Material for this task below:

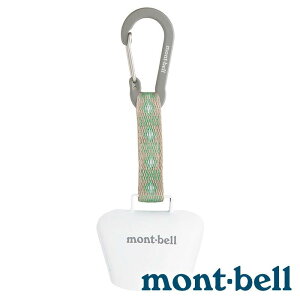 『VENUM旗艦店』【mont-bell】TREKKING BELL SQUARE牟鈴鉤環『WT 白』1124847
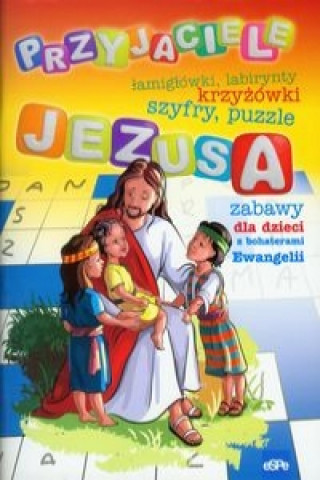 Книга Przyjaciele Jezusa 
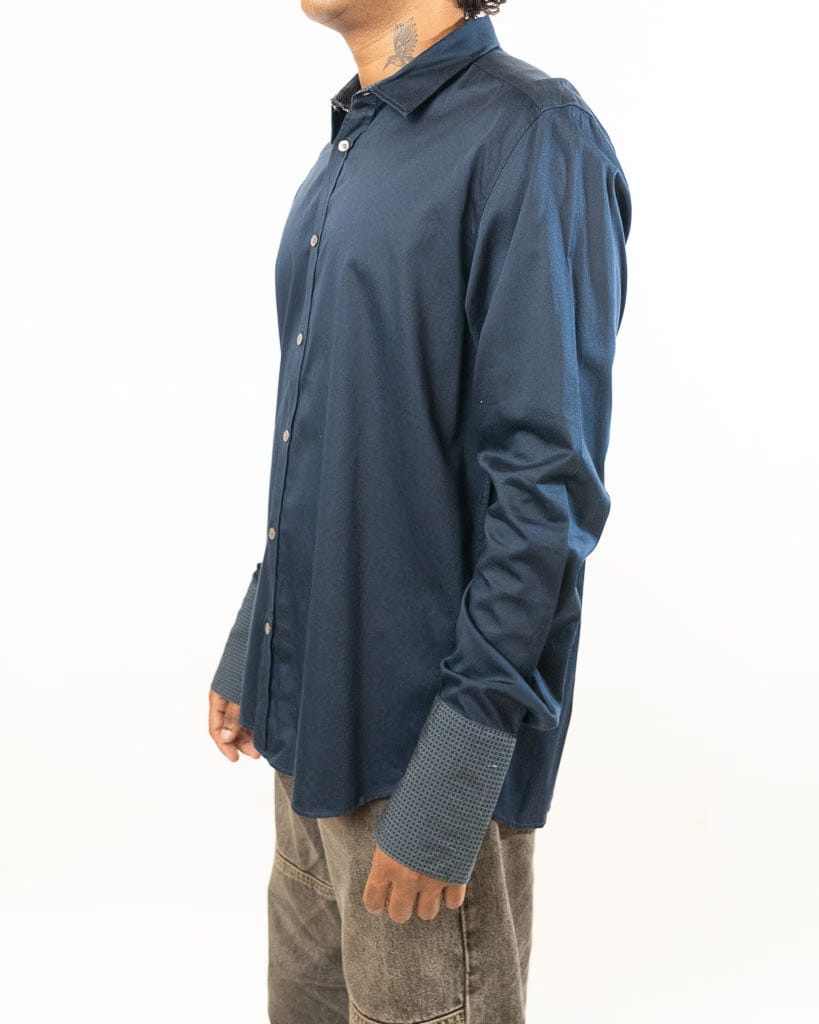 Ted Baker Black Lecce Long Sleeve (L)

End of Material for this task.
Material for this task below:

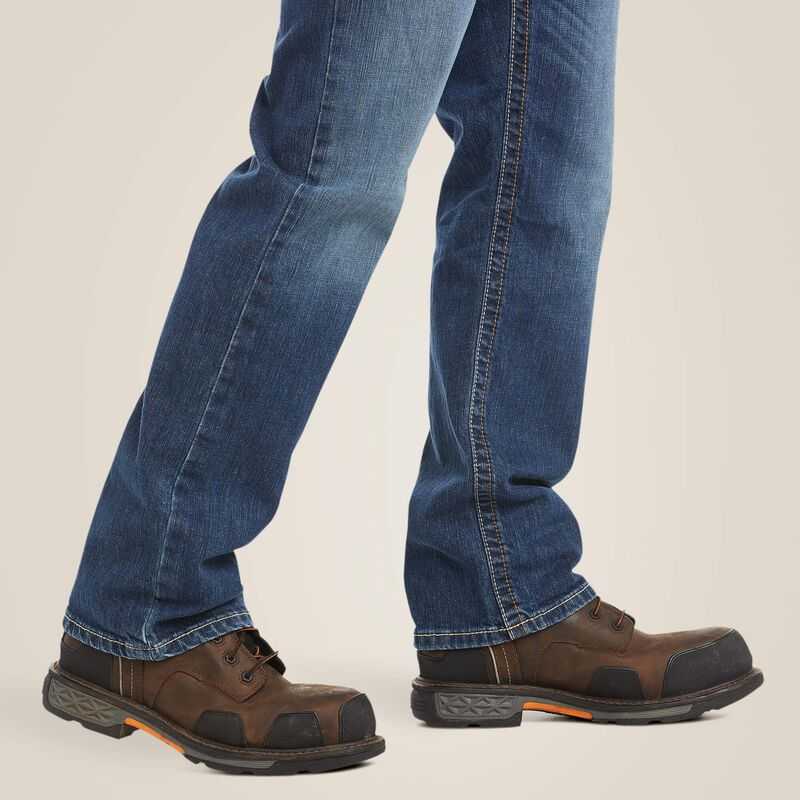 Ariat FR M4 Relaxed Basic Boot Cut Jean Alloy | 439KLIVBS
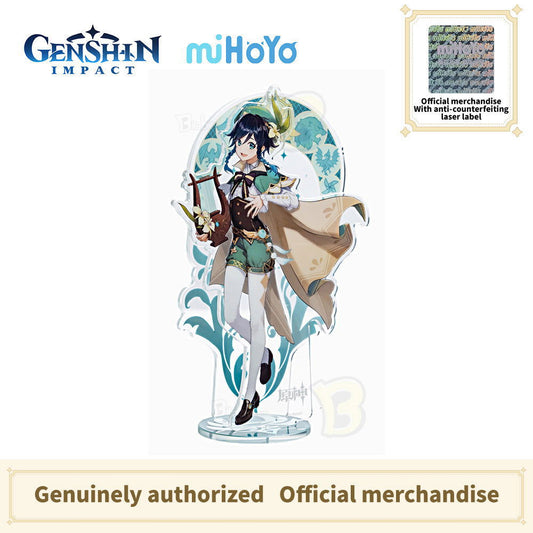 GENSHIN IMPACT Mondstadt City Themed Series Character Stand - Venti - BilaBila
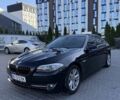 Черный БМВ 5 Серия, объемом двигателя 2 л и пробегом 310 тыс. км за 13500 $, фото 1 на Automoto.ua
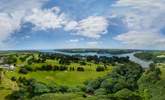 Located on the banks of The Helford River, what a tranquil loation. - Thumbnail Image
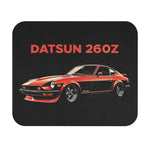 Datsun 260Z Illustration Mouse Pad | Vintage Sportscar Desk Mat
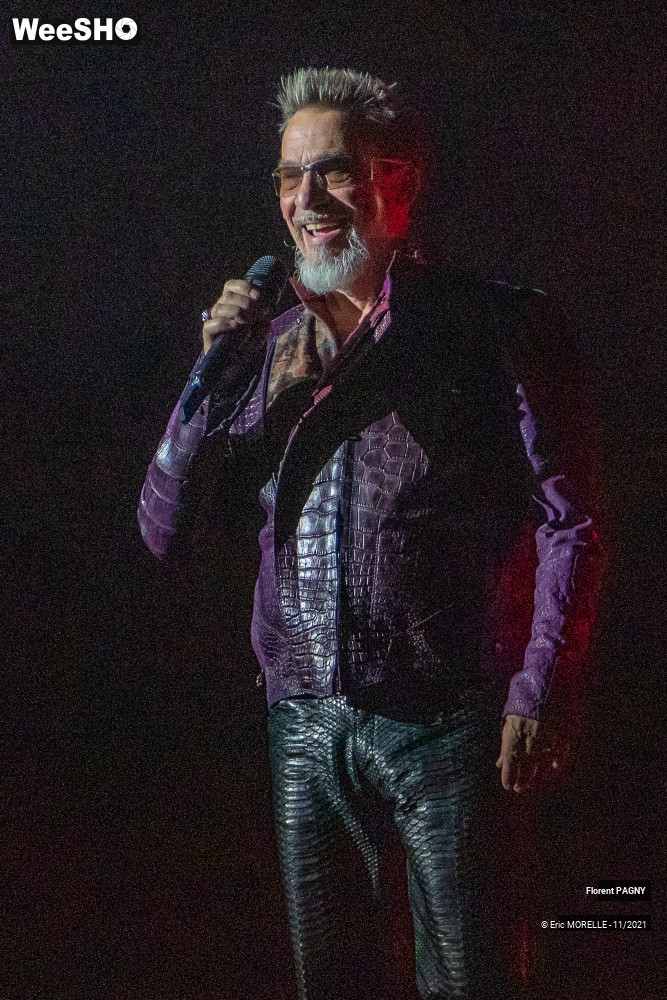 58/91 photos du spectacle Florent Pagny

End of Material for this task.

How to complete this task >> With pictures excluded, reproduce exactly the lines above from the one containing "GENSHIN IMPACT Mondstadt" down to the one containing "58/91 photos du spectacle Florent Pagny", those two included.

Written response >>
 GENSHIN IMPACT Mondstadt City Themed Series Character Stand - Venti - BilaBila
 Черный БМВ 5 Серия, объемом двигателя 2 л и пробегом 310 тыс. км за 13500 $, фото 1 на Automoto.ua
 Located on the banks of The Helford River, what a tranquil loation. - Thumbnail Image
 Datsun 260Z Illustration Mouse Pad | Vintage Sportscar Desk Mat
 58/91 photos du spectacle Florent Pagny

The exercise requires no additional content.